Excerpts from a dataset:
-=-=-
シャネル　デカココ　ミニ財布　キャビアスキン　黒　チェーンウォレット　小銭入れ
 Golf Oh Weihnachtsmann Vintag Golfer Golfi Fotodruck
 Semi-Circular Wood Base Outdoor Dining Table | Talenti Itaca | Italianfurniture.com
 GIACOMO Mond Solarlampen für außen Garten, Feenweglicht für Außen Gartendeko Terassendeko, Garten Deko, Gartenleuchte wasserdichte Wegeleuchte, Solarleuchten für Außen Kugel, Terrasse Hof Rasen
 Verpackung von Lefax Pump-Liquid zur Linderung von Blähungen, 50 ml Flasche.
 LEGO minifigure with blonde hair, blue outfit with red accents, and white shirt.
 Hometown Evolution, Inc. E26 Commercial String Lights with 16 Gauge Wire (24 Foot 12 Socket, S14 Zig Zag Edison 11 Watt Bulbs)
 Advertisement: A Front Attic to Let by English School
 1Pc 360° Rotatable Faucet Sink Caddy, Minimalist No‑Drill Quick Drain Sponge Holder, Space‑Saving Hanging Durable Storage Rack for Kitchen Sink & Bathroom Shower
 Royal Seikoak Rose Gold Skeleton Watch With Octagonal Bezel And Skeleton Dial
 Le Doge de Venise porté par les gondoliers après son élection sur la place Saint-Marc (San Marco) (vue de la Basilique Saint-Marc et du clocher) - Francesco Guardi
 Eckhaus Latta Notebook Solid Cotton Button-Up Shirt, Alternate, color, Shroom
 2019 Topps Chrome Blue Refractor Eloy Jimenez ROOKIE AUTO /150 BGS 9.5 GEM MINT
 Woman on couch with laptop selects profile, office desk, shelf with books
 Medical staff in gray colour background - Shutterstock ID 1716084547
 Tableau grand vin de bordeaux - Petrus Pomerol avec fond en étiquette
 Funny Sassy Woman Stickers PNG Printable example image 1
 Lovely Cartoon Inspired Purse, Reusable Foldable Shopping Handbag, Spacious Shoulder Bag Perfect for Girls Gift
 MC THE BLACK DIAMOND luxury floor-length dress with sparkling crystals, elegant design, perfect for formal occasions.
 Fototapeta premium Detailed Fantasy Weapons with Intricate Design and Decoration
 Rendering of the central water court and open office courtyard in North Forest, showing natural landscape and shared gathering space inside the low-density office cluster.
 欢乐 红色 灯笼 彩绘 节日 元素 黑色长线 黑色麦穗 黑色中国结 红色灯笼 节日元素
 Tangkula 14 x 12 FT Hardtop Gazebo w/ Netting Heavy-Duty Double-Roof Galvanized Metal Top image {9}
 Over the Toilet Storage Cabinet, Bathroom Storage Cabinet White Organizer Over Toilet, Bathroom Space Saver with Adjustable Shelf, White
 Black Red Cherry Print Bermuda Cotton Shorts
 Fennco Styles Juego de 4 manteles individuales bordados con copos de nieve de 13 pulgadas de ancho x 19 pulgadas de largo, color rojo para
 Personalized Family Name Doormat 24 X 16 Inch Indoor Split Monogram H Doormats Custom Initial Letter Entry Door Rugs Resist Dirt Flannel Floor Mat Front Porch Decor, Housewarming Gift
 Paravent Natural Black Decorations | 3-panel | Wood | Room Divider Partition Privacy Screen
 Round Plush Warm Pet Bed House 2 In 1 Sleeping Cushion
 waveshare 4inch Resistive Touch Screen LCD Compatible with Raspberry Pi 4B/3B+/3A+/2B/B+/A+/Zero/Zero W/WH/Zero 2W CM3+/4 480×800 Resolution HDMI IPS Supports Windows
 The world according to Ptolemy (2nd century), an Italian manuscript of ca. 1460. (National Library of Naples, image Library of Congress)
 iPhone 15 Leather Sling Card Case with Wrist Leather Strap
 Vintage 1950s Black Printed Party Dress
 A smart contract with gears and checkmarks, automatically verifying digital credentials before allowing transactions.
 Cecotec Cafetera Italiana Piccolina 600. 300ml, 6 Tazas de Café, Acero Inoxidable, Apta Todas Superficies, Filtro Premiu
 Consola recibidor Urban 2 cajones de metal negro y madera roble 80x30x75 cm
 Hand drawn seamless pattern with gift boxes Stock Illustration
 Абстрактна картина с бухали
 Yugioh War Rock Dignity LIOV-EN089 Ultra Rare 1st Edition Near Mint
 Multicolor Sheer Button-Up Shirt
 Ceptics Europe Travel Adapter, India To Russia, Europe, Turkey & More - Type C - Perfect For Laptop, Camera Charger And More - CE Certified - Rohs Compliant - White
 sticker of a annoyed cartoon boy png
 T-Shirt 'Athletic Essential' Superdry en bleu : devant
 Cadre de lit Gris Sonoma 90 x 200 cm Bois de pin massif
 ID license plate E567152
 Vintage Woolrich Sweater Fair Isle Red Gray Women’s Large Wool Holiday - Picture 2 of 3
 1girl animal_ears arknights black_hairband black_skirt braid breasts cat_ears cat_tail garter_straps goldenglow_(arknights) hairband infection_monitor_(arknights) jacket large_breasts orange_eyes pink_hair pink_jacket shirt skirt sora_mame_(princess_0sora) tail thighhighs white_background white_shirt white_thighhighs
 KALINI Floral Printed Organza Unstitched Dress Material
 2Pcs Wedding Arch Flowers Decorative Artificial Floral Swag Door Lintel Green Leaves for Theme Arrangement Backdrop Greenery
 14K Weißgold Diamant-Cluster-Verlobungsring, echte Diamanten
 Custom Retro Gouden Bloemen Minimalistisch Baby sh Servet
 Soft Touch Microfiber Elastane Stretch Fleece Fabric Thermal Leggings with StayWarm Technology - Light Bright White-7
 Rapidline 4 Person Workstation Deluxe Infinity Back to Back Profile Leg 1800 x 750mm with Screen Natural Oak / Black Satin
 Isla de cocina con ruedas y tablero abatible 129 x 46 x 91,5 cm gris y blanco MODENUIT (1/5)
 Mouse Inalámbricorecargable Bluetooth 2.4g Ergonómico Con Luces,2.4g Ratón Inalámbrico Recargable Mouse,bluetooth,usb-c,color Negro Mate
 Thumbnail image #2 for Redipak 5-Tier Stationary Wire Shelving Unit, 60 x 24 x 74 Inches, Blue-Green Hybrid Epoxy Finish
-=-=-
EXERCISE REQUIREMENTS: All of the records above should be transcribed exactly.

EXPECTED ANSWER:
シャネル　デカココ　ミニ財布　キャビアスキン　黒　チェーンウォレット　小銭入れ
 Golf Oh Weihnachtsmann Vintag Golfer Golfi Fotodruck
 Semi-Circular Wood Base Outdoor Dining Table | Talenti Itaca | Italianfurniture.com
 GIACOMO Mond Solarlampen für außen Garten, Feenweglicht für Außen Gartendeko Terassendeko, Garten Deko, Gartenleuchte wasserdichte Wegeleuchte, Solarleuchten für Außen Kugel, Terrasse Hof Rasen
 Verpackung von Lefax Pump-Liquid zur Linderung von Blähungen, 50 ml Flasche.
 LEGO minifigure with blonde hair, blue outfit with red accents, and white shirt.
 Hometown Evolution, Inc. E26 Commercial String Lights with 16 Gauge Wire (24 Foot 12 Socket, S14 Zig Zag Edison 11 Watt Bulbs)
 Advertisement: A Front Attic to Let by English School
 1Pc 360° Rotatable Faucet Sink Caddy, Minimalist No‑Drill Quick Drain Sponge Holder, Space‑Saving Hanging Durable Storage Rack for Kitchen Sink & Bathroom Shower
 Royal Seikoak Rose Gold Skeleton Watch With Octagonal Bezel And Skeleton Dial
 Le Doge de Venise porté par les gondoliers après son élection sur la place Saint-Marc (San Marco) (vue de la Basilique Saint-Marc et du clocher) - Francesco Guardi
 Eckhaus Latta Notebook Solid Cotton Button-Up Shirt, Alternate, color, Shroom
 2019 Topps Chrome Blue Refractor Eloy Jimenez ROOKIE AUTO /150 BGS 9.5 GEM MINT
 Woman on couch with laptop selects profile, office desk, shelf with books
 Medical staff in gray colour background - Shutterstock ID 1716084547
 Tableau grand vin de bordeaux - Petrus Pomerol avec fond en étiquette
 Funny Sassy Woman Stickers PNG Printable example image 1
 Lovely Cartoon Inspired Purse, Reusable Foldable Shopping Handbag, Spacious Shoulder Bag Perfect for Girls Gift
 MC THE BLACK DIAMOND luxury floor-length dress with sparkling crystals, elegant design, perfect for formal occasions.
 Fototapeta premium Detailed Fantasy Weapons with Intricate Design and Decoration
 Rendering of the central water court and open office courtyard in North Forest, showing natural landscape and shared gathering space inside the low-density office cluster.
 欢乐 红色 灯笼 彩绘 节日 元素 黑色长线 黑色麦穗 黑色中国结 红色灯笼 节日元素
 Tangkula 14 x 12 FT Hardtop Gazebo w/ Netting Heavy-Duty Double-Roof Galvanized Metal Top image {9}
 Over the Toilet Storage Cabinet, Bathroom Storage Cabinet White Organizer Over Toilet, Bathroom Space Saver with Adjustable Shelf, White
 Black Red Cherry Print Bermuda Cotton Shorts
 Fennco Styles Juego de 4 manteles individuales bordados con copos de nieve de 13 pulgadas de ancho x 19 pulgadas de largo, color rojo para
 Personalized Family Name Doormat 24 X 16 Inch Indoor Split Monogram H Doormats Custom Initial Letter Entry Door Rugs Resist Dirt Flannel Floor Mat Front Porch Decor, Housewarming Gift
 Paravent Natural Black Decorations | 3-panel | Wood | Room Divider Partition Privacy Screen
 Round Plush Warm Pet Bed House 2 In 1 Sleeping Cushion
 waveshare 4inch Resistive Touch Screen LCD Compatible with Raspberry Pi 4B/3B+/3A+/2B/B+/A+/Zero/Zero W/WH/Zero 2W CM3+/4 480×800 Resolution HDMI IPS Supports Windows
 The world according to Ptolemy (2nd century), an Italian manuscript of ca. 1460. (National Library of Naples, image Library of Congress)
 iPhone 15 Leather Sling Card Case with Wrist Leather Strap
 Vintage 1950s Black Printed Party Dress
 A smart contract with gears and checkmarks, automatically verifying digital credentials before allowing transactions.
 Cecotec Cafetera Italiana Piccolina 600. 300ml, 6 Tazas de Café, Acero Inoxidable, Apta Todas Superficies, Filtro Premiu
 Consola recibidor Urban 2 cajones de metal negro y madera roble 80x30x75 cm
 Hand drawn seamless pattern with gift boxes Stock Illustration
 Абстрактна картина с бухали
 Yugioh War Rock Dignity LIOV-EN089 Ultra Rare 1st Edition Near Mint
 Multicolor Sheer Button-Up Shirt
 Ceptics Europe Travel Adapter, India To Russia, Europe, Turkey & More - Type C - Perfect For Laptop, Camera Charger And More - CE Certified - Rohs Compliant - White
 sticker of a annoyed cartoon boy png
 T-Shirt 'Athletic Essential' Superdry en bleu : devant
 Cadre de lit Gris Sonoma 90 x 200 cm Bois de pin massif
 ID license plate E567152
 Vintage Woolrich Sweater Fair Isle Red Gray Women’s Large Wool Holiday - Picture 2 of 3
 1girl animal_ears arknights black_hairband black_skirt braid breasts cat_ears cat_tail garter_straps goldenglow_(arknights) hairband infection_monitor_(arknights) jacket large_breasts orange_eyes pink_hair pink_jacket shirt skirt sora_mame_(princess_0sora) tail thighhighs white_background white_shirt white_thighhighs
 KALINI Floral Printed Organza Unstitched Dress Material
 2Pcs Wedding Arch Flowers Decorative Artificial Floral Swag Door Lintel Green Leaves for Theme Arrangement Backdrop Greenery
 14K Weißgold Diamant-Cluster-Verlobungsring, echte Diamanten
 Custom Retro Gouden Bloemen Minimalistisch Baby sh Servet
 Soft Touch Microfiber Elastane Stretch Fleece Fabric Thermal Leggings with StayWarm Technology - Light Bright White-7
 Rapidline 4 Person Workstation Deluxe Infinity Back to Back Profile Leg 1800 x 750mm with Screen Natural Oak / Black Satin
 Isla de cocina con ruedas y tablero abatible 129 x 46 x 91,5 cm gris y blanco MODENUIT (1/5)
 Mouse Inalámbricorecargable Bluetooth 2.4g Ergonómico Con Luces,2.4g Ratón Inalámbrico Recargable Mouse,bluetooth,usb-c,color Negro Mate
 Thumbnail image #2 for Redipak 5-Tier Stationary Wire Shelving Unit, 60 x 24 x 74 Inches, Blue-Green Hybrid Epoxy Finish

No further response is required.